It is only now that spread trading has been gaining some traction. In spite of commodities having turned popular at the beginning of last decade due to in part investors such as Jim Rogers making a big push for them, most traditional traders are only now starting to get their feet wet looking for some spread betting advice that may include a roadmap in terms of strategies and scope.
So what is spread trading? It is the simultaneous purchase of one commodity futures contract and the sale of a different contract. The contracts can be different delivery months in the same commodity, they can be two different commodities that are related, they can be the same commodity traded in two different locations. A simple understanding of spreads points to an arbitrage situation that can be exploited by the savvy trader or the experienced one who has lived through a variety of markets, and survived, and is familiar with the many twists and turns.
Financial spread betting has always been an essential component of the futures marketplace, most of the time, reserved to the more sophisticated group. Among them there are the large commercial spreaders, savvy speculators, grain companies and the like that use spreads to roll over contracts from month to month hoping that their strategies will lead to enough profits to counterbalance the cost of storing and carrying inventory. As said, the vast majority of financial spread trading is done by large speculators and/or specialized commercial firms. However, slowly but surely these very interesting trading strategies that show the promise of great rewards have started to percolate into the retail segment.
Taking into account that potential investors have to analyze two positions as opposed to one, it is understandable that spread betting companies aren’t rushing to sign up clients. For the retail user there are several challenges that have to be dealt with before spreads take a more popular stance. Spreads analysis is based on fundamentals. In particular, the bettor must carefully assess the relative supply and demand of the vehicles to be traded. Not a small problem, considering that part of this analysis should include also future estimations. Important factors to consider are exports trends, weather, planting crops, geopolitical environment, currency fluctuations, demographics and energy just to name a few. Remember, it is about assessing correctly the present and predicting with some degree of accuracy the future. So good sources of information as well as a multitude of them become essential.
But even though it may look like a daunting task for fundamentalists, when trading spreads correctly, there may be no other trading market where the smaller fish could profit as handsomely, for as an extended period of time and with a lesser amount of risk than say, stock trading. Concisely, futures spreads can do wonders to minimize the volatility and risks involved in futures trading.
So… back to square one, how do we profit from spread betting? Simply by trying to profit on the CHANGE in the difference in price between two contracts. The trader operates in two legs: being long one contract and simultaneously short another one in regards to:
- Time (different months)
- Location (different exchanges)
- Commodity (corn vs wheat / australian dollars vs. euros).

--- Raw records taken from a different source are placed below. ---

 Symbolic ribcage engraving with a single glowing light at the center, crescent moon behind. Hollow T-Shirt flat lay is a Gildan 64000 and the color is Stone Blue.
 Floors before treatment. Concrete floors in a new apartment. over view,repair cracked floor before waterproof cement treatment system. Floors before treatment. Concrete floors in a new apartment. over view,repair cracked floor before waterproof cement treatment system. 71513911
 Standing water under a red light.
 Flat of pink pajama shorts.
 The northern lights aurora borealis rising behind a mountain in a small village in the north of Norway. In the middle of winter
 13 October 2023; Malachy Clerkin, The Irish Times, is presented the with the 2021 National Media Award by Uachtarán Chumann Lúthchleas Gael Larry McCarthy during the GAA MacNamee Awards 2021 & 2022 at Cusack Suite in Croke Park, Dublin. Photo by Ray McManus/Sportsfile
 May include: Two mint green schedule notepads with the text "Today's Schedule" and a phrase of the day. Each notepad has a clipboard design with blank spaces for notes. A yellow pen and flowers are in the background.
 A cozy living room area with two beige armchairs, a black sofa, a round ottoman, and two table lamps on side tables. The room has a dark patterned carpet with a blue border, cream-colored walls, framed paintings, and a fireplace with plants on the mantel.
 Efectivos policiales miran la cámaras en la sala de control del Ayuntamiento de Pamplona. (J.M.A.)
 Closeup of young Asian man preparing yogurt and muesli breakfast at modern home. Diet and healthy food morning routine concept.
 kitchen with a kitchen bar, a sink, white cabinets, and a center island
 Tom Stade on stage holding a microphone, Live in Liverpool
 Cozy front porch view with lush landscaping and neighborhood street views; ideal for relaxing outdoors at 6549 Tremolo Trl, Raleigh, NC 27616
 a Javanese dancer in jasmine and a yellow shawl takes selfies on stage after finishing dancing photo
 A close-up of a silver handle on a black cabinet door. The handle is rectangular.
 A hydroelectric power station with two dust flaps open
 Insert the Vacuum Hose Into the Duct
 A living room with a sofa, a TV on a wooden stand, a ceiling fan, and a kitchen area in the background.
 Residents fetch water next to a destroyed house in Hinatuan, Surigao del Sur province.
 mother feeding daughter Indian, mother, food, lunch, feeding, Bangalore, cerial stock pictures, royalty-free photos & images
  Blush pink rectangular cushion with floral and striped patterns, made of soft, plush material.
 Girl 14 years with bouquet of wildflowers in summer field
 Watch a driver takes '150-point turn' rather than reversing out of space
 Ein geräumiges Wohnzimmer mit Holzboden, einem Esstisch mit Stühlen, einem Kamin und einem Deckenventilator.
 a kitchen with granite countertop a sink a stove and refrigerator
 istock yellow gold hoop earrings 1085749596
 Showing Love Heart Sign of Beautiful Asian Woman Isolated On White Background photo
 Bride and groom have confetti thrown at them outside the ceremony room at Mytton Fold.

The focus being on the relative value of the contracts as opposed to their absolute price. In essence, one must look at the percentage of change by which the spreads either widen or narrow in relation to the original position.
That is where the profit or loss lies.
My advice, get some books, read some tutorials, ask questions at the spread betting forum, look for futures seminars and educate yourself as much as possible for there could be wonderful money making opportunities coming your way.